What Is a Fairy Tale?

Note: Be sure to read the companion piece to this post as well.

In his essay “On Stories”, C. S. Lewis lamented that children didn’t read enough fairy tales. Tolkien worried that adults had relegated fairy tales to the nursery and preferred the realities of “adult life.” To these two great minds, the loss of fairy tales meant the loss of something vital to our humanity.

A while ago a friend asked me what characteristics defined a fairy tale. What makes a story a fairy tale and not a myth or a tall tale? Over coffee, we hashed out what we believed were the two necessary and unique elements of a fairy tale–and also learned a great deal about why they are so important.
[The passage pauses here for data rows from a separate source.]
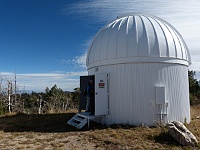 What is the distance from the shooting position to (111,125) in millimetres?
8914

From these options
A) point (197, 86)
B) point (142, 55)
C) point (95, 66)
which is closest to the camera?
point (142, 55)

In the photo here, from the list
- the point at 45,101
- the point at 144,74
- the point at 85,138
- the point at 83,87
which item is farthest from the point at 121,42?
the point at 45,101

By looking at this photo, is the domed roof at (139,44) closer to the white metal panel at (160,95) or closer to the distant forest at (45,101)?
the white metal panel at (160,95)

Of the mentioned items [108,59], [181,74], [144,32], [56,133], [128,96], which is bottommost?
[56,133]

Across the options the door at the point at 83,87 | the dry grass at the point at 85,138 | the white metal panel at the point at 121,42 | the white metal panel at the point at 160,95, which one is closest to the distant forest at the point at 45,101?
the door at the point at 83,87

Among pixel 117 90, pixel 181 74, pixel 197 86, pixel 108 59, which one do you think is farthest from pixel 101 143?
pixel 197 86

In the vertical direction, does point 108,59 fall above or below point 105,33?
below

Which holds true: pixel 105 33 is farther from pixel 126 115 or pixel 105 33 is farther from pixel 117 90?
pixel 126 115

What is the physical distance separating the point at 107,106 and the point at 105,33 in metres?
3.61

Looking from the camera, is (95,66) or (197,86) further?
(197,86)

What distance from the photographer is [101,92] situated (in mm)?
9078

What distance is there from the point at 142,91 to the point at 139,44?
6.78 feet

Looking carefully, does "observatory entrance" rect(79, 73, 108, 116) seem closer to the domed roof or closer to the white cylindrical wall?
the white cylindrical wall

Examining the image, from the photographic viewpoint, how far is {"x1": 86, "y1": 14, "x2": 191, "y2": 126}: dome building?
8.62 meters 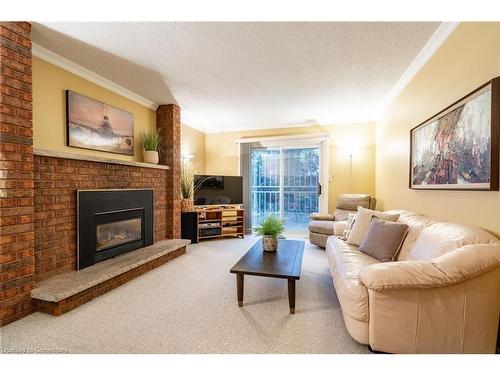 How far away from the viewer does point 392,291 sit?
4.36ft

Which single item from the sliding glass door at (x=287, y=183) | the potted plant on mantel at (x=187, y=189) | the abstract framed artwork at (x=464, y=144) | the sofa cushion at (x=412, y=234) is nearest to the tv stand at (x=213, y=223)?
the potted plant on mantel at (x=187, y=189)

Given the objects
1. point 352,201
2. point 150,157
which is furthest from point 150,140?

The two characteristics we identified were these:

  1. Every fairy tale involves a journey to an unusual place. This place is unsought and reached by accident or by the hero’s conscious knowledge.
  2. After his or her adventures in this unusual place, the hero returns home and is clearly the better for the journey, but the hero is not always happier. Sometimes the journey has awakened in the hero’s heart a longing that cannot be quelled by anything in our world.
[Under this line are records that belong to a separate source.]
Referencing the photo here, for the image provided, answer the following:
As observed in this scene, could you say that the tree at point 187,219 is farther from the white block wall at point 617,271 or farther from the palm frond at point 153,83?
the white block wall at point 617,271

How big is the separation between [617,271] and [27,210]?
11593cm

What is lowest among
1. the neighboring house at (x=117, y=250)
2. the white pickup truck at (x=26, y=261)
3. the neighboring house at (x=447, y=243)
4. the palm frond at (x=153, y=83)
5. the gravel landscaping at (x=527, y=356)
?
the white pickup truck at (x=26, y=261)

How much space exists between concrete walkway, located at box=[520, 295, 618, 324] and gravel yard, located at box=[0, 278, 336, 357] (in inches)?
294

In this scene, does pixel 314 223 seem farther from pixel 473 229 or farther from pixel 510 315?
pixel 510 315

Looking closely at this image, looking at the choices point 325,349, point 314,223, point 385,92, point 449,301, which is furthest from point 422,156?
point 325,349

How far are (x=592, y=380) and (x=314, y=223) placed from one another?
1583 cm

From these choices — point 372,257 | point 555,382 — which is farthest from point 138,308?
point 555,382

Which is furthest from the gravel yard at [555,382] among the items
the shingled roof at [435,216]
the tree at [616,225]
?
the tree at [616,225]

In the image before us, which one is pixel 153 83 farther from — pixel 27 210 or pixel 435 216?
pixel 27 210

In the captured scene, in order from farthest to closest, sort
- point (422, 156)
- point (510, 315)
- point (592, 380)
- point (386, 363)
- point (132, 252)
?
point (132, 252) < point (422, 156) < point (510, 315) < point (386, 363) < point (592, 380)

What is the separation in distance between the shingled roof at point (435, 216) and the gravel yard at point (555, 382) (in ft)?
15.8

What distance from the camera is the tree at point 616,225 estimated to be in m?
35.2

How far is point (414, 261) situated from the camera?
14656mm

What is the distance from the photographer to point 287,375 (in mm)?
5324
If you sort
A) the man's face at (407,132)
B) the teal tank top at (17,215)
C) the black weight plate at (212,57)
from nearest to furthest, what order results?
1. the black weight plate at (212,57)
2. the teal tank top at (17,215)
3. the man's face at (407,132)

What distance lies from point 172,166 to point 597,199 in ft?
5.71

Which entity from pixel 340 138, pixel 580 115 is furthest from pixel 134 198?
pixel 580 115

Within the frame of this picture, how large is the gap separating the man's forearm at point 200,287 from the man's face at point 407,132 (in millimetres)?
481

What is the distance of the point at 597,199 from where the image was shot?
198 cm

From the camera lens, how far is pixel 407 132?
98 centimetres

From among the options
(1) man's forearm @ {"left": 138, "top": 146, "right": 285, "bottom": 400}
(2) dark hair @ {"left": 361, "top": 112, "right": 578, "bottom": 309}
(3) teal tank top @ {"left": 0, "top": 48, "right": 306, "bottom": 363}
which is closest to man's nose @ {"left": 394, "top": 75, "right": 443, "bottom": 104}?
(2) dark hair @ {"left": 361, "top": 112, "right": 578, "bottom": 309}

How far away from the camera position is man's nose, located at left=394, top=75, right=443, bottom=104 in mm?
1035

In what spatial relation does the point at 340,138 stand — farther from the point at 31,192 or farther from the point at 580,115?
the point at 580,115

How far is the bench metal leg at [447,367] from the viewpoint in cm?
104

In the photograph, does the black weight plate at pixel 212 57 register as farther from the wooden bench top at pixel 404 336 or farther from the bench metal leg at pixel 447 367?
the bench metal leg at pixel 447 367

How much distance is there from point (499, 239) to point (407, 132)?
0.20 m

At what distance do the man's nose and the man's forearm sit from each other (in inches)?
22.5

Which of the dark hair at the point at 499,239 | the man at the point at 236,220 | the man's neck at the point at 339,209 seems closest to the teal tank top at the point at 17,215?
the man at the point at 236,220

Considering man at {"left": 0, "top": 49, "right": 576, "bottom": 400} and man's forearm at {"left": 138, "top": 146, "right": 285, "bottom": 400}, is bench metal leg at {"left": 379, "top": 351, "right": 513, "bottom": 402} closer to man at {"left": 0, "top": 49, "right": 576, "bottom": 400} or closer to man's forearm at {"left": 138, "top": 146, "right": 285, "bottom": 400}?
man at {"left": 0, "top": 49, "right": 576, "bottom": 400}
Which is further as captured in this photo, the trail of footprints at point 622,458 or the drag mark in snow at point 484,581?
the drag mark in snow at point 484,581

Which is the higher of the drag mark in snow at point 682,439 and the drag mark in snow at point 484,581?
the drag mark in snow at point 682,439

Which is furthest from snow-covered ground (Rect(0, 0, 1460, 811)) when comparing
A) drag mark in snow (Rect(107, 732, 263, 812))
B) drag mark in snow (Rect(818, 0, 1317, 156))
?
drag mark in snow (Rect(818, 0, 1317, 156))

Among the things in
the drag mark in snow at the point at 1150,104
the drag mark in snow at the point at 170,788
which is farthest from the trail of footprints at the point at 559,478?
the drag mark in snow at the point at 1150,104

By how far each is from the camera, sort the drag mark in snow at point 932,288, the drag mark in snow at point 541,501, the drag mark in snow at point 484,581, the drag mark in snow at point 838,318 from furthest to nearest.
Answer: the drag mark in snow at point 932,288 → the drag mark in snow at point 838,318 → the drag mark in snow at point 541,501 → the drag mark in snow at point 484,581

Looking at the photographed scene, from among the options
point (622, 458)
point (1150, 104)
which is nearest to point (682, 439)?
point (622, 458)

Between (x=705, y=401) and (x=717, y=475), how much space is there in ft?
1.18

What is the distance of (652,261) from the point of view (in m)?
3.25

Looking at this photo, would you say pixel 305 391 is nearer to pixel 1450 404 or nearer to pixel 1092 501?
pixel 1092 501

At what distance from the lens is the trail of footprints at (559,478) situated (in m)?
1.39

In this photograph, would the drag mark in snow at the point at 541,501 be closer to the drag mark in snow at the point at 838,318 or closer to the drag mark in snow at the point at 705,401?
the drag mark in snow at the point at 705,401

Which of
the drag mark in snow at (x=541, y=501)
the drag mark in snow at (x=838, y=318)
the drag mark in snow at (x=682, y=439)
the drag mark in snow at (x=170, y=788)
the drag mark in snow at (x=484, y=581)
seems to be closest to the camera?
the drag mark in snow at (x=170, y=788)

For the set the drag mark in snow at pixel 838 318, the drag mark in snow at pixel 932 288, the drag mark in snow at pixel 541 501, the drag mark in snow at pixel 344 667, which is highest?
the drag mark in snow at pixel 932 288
Though many types of stories involve journeys, only fairy tales take the heroes to the world of Faerie, the odd, enchanting, dangerous land that ordinary folk have the habit of stumbling into. Much can be said about Faerie, but its one defining feature is its paradoxical nature: profoundly beautiful, but terrifyingly deadly. It has beauty and danger in the same degree, and the hero often finds both just behind the next tree.
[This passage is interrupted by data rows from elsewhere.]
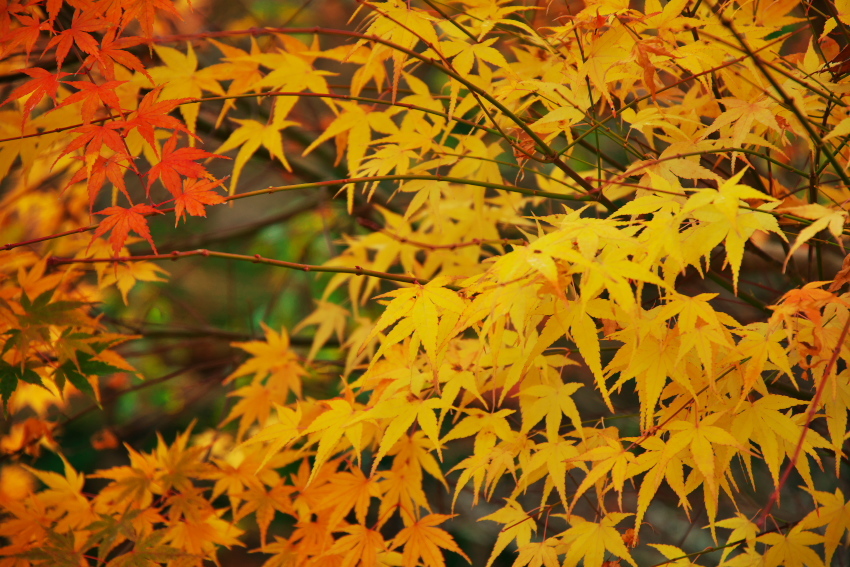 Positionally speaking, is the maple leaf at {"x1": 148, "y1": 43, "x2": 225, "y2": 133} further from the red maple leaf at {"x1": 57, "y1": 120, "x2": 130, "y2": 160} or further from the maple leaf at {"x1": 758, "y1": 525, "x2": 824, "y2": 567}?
the maple leaf at {"x1": 758, "y1": 525, "x2": 824, "y2": 567}

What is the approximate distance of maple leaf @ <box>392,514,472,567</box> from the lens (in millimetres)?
1167

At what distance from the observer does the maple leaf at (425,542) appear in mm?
1167

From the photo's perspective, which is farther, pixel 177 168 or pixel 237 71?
pixel 237 71

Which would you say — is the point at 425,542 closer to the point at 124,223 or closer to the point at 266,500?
the point at 266,500

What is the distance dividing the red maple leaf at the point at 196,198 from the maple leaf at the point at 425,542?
2.26 feet

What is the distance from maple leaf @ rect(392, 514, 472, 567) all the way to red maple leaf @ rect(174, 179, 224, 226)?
2.26 ft

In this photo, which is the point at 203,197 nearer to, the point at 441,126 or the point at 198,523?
the point at 441,126

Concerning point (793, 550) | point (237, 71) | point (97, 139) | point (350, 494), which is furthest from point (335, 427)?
point (237, 71)

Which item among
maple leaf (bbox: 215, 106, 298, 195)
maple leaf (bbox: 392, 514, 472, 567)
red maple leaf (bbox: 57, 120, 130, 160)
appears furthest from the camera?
maple leaf (bbox: 215, 106, 298, 195)

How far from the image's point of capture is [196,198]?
105cm

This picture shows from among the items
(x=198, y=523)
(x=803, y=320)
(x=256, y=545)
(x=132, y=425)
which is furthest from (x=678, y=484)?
(x=256, y=545)

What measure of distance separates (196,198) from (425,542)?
0.75 metres

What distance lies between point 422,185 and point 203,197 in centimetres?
43

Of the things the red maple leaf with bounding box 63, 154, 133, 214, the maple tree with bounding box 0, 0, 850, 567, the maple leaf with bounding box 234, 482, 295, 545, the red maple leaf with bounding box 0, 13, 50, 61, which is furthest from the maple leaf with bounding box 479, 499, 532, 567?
the red maple leaf with bounding box 0, 13, 50, 61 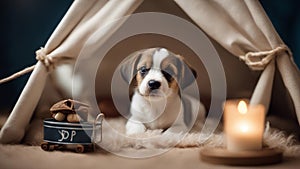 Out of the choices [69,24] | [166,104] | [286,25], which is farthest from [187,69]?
[286,25]

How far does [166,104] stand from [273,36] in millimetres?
353

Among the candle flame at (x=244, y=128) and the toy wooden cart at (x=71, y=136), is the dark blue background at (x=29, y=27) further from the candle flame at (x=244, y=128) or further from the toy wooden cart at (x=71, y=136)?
the candle flame at (x=244, y=128)

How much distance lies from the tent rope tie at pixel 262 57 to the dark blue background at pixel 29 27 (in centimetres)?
43

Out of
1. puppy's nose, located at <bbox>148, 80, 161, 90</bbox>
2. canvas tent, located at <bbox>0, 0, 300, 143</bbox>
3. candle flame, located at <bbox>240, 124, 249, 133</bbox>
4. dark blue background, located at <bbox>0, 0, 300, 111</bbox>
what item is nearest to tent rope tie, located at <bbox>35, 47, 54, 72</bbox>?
canvas tent, located at <bbox>0, 0, 300, 143</bbox>

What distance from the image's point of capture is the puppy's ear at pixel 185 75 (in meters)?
1.34

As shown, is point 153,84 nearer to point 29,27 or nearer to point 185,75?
point 185,75

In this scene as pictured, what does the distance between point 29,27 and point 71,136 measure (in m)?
0.73

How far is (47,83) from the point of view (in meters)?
1.33

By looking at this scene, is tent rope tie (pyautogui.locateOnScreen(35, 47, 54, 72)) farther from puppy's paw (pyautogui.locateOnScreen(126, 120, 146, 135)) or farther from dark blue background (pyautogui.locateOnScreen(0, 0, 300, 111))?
dark blue background (pyautogui.locateOnScreen(0, 0, 300, 111))

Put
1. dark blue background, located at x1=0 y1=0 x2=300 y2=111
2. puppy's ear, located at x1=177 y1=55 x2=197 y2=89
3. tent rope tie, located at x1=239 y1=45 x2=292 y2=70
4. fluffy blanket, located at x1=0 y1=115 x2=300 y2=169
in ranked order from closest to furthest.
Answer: fluffy blanket, located at x1=0 y1=115 x2=300 y2=169 → tent rope tie, located at x1=239 y1=45 x2=292 y2=70 → puppy's ear, located at x1=177 y1=55 x2=197 y2=89 → dark blue background, located at x1=0 y1=0 x2=300 y2=111

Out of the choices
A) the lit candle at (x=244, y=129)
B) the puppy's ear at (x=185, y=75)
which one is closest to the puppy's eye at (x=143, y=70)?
the puppy's ear at (x=185, y=75)

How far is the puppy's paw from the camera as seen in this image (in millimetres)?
1280

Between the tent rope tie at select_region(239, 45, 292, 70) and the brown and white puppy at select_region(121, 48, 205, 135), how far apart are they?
0.18 meters

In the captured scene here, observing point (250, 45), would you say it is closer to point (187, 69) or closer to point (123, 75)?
point (187, 69) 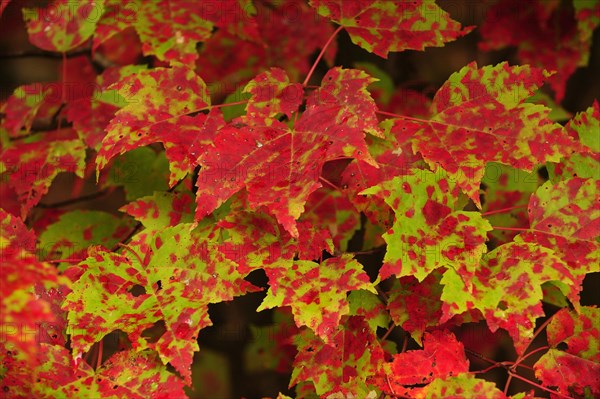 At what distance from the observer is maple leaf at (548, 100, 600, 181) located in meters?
0.97

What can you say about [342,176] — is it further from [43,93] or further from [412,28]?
A: [43,93]

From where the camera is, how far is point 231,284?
31.9 inches

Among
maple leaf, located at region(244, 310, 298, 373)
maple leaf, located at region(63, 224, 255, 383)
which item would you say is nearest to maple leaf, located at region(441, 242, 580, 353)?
maple leaf, located at region(63, 224, 255, 383)

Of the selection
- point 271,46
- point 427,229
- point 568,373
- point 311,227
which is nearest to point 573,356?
point 568,373

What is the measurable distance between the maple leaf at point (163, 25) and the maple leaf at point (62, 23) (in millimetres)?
26

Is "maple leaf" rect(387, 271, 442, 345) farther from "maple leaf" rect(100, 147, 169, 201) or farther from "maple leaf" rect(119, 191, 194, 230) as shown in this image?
"maple leaf" rect(100, 147, 169, 201)

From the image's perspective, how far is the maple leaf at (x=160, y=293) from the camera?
2.54 feet

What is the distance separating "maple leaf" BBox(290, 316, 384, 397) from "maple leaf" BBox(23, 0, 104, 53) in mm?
608

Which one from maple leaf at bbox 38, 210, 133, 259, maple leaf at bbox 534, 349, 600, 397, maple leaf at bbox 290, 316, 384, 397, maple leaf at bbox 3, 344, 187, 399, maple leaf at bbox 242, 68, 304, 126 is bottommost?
maple leaf at bbox 534, 349, 600, 397

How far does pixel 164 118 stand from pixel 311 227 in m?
0.24

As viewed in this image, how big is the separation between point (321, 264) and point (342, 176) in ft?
0.46

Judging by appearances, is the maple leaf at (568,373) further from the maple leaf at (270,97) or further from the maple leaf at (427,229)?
the maple leaf at (270,97)

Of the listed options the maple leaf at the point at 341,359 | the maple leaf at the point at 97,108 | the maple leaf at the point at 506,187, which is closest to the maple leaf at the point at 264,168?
the maple leaf at the point at 341,359

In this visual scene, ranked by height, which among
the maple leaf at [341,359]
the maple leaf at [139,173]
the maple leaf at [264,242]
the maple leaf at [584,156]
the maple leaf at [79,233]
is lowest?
the maple leaf at [341,359] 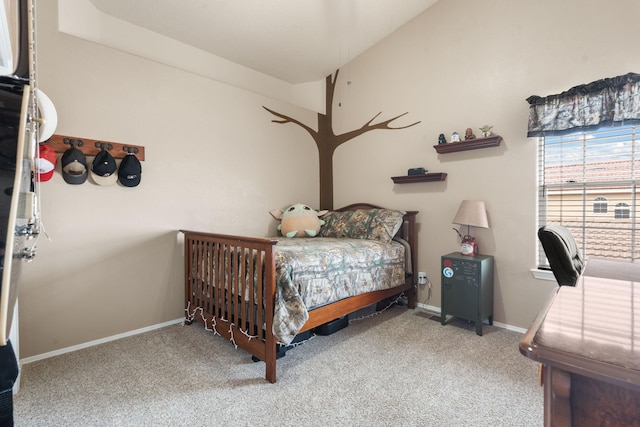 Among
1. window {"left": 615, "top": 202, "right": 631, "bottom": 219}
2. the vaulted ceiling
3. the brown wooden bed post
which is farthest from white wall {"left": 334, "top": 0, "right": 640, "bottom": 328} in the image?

Once in Faerie, the hero quickly finds himself facing either some overwhelmingly difficult task or having to obey some ridiculously arbitrary command. In short, the hero’s character is tested and often fails, but he always finds help from some source outside himself. (This is how you can tell a true fairy tale from a modern counterfeit: real fairy tales always have the hero come up short and flawed, instead of singing narcissistic songs of self-sufficiency.)

The task is always passed, though often at some cost to the hero, and he (or she) has become wiser, braver, and kinder. He returns home better equipped to live in a world where the monsters and dangers aren’t always so obvious. His laughter is richer, his love stronger, and his life more vital. So it is with the great Samwise Gamgee when he returns to his beloved Shire.

But sometimes the hero’s time in Faerie wounds his soul by awakening a longing for something not to be found in this world. Often this longing connects to the help the hero received in Faerie: he has beheld a beauty, a grace, a wisdom that is simultaneously familiar and foreign.  He soon realizes that his heart can never be at peace but in the presence of this beauty. Such a character is Frodo, whose heart-wounds can only be healed in an eternal, ancient land over the western seas.

Looking over these common elements of fairy tales, it is easy to identify their purpose and function: to teach us how to live in our own world, fairy tales take us to another world for a time. Fairy tales are entertaining, enchanting, alluring. But this delight cannot be separated from what fairy stories teach us.  More on this later.

The best way to end this post is by encouraging you to take a trip to Faerie, to undertake a journey of delight and danger that will deepen the colors and pleasures of your homecoming. Read some fairy tales to yourself. Then read them to any kid who comes near to you.

But if you can’t get to your fairy stories, at least meditate on the approaching feast.  For Christmas is all about the Great Fairy Tale: the story that turns our entire life into one glorious fairy tale that ends with our true and final Homecoming.